Her opponent in the race is not openly calling for eliminating the position, but Ko says if he is elected, he would be open to evaluating the position to see if it’s still of value to the taxpayers.

 

“It’s important to assess whether or not the position is still relevant,” Ko said. “I think we need to get someone into the office that has a different mindset about doing the job. I understand that many of the systems used in the Travis County Treasurer’s office are 10 or 15 years behind current standards. We need to see if the position really benefits the taxpayers.”

 

Ko adds that even if he does push to eliminate the position, he would make sure that the seven employees in the Treasurer’s office are transferred to other departments.

 

Ko is a partner at Jung Ko, PLLC in Austin and previously served as an Associate Judge with the City of Austin Municipal Court. He has been active in Democratic politics in Travis County and initially declared he was a candidate for the House District 50 seat vacated by Mark Strama last year. However, just before the filing deadline, he notified his backers that he had decided not to pursue that office. (Note: originally this story said Ko was an active judge.)

 

He said that a number of people in the community had approached him and asked him to run for the County Treasurer job.

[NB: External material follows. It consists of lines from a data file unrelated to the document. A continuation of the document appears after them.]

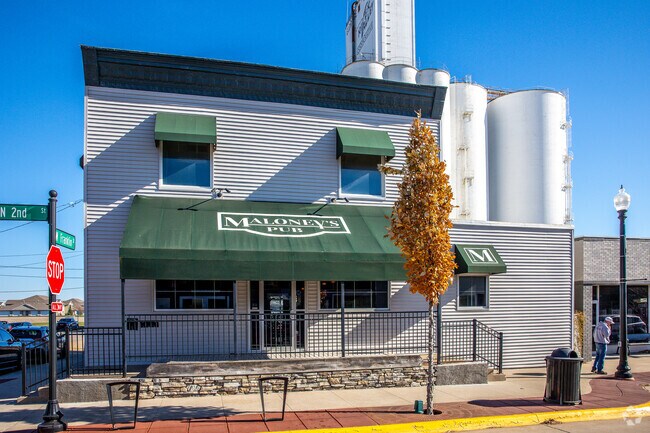 At the center of downtown Eldridge is Maloney's Pub, a great place to meet friends for dinner.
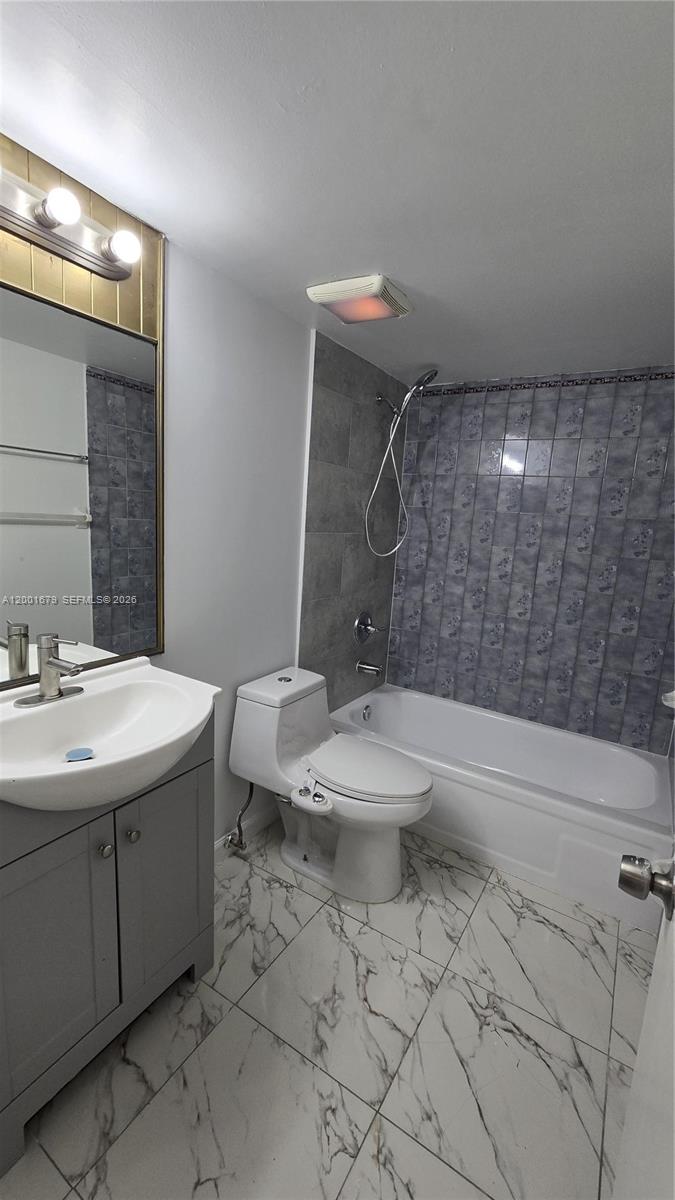 2605 W 67th Place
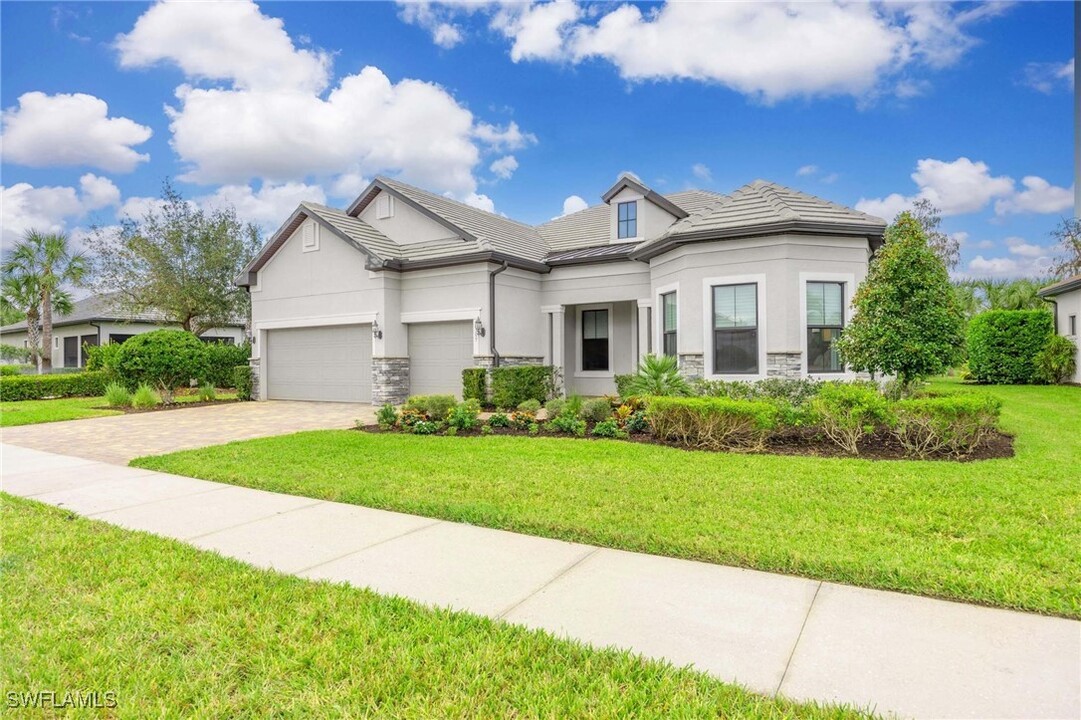 9309 Surfbird Ct in Naples, FL - Foto de edificio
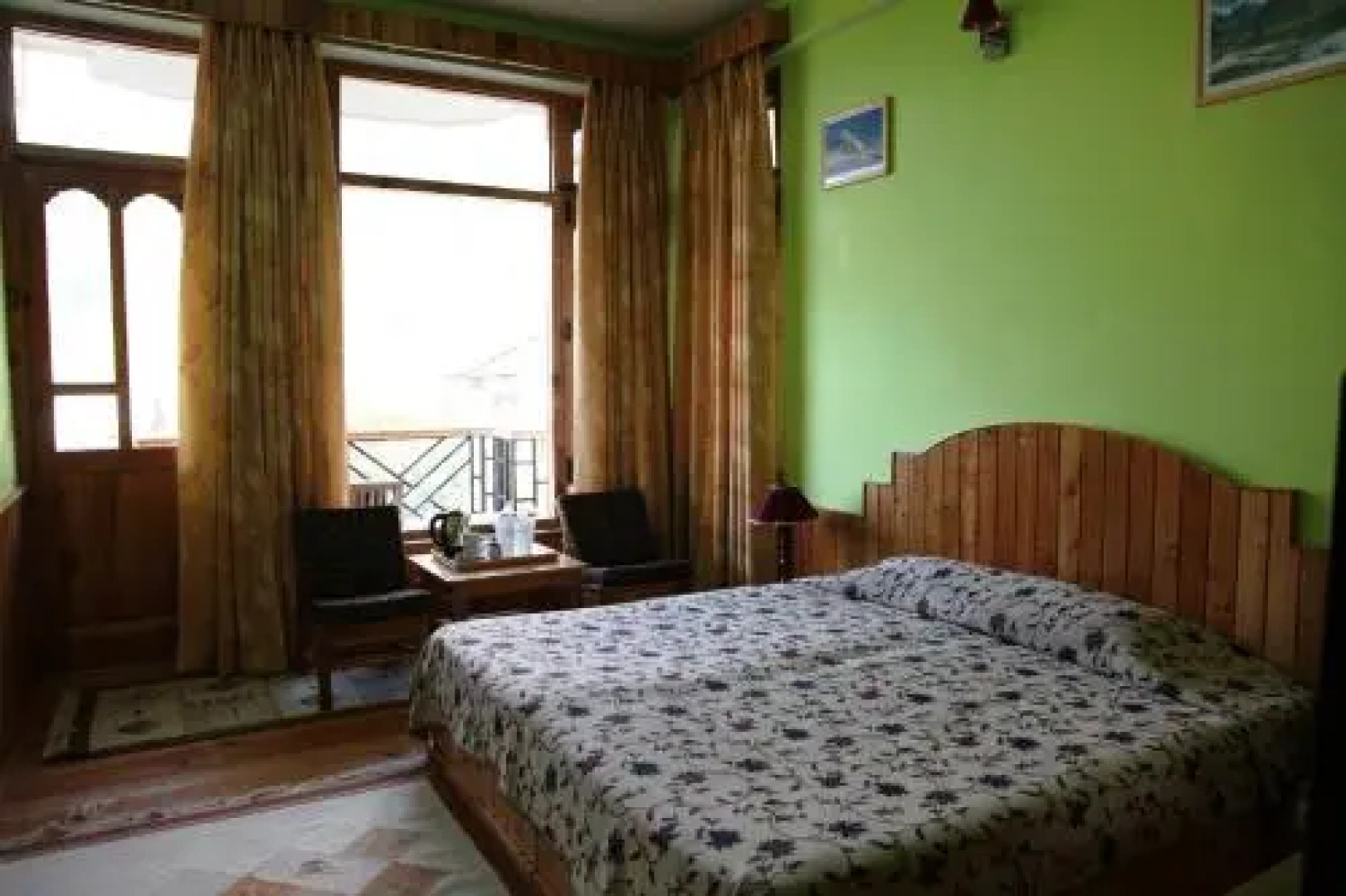 Hotel Naggar Delight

He said he is running on a platform of investing in Travis County, taxpayer equity and education, and bringing transparency and accountability to the office.

 

Ko says he is spending his relatively large campaign fund conservatively.

 

“We have been doing some social media and phone banking, but mainly I’m just out there knocking on doors,” he said. “I’m planning to produce some campaign signs and some direct mail pieces. We have made a couple of campaign videos that we have posted on YouTube, and we will probably be doing some print ads.”

 

Ortega Carter says she is running on her 27-year record of being in the job.

 

“I am the most qualified and experienced candidate for this job,” she said. “I want to be re-elected to continue my track record as a good public servant, as a contributor and member of the community with integrity and ethics.”

 

Ortega Carter says she doesn’t spend a lot on money on her campaign, but that her grassroots approach has been very effective in past elections.

 

“I have a cabinet that guides the campaign while I attend to the forums and endorsement meetings,” she said. “Our campaign is a very strong grassroots type. We are in touch with the people who care about good effective county government and support an incumbent that has the experience and the passion to safeguard their hard earned dollars.”

 

There is no Republican candidate, so the winner of the March 4 Democratic primary will most likely get the job. Early voting for the primary begins Feb. 18.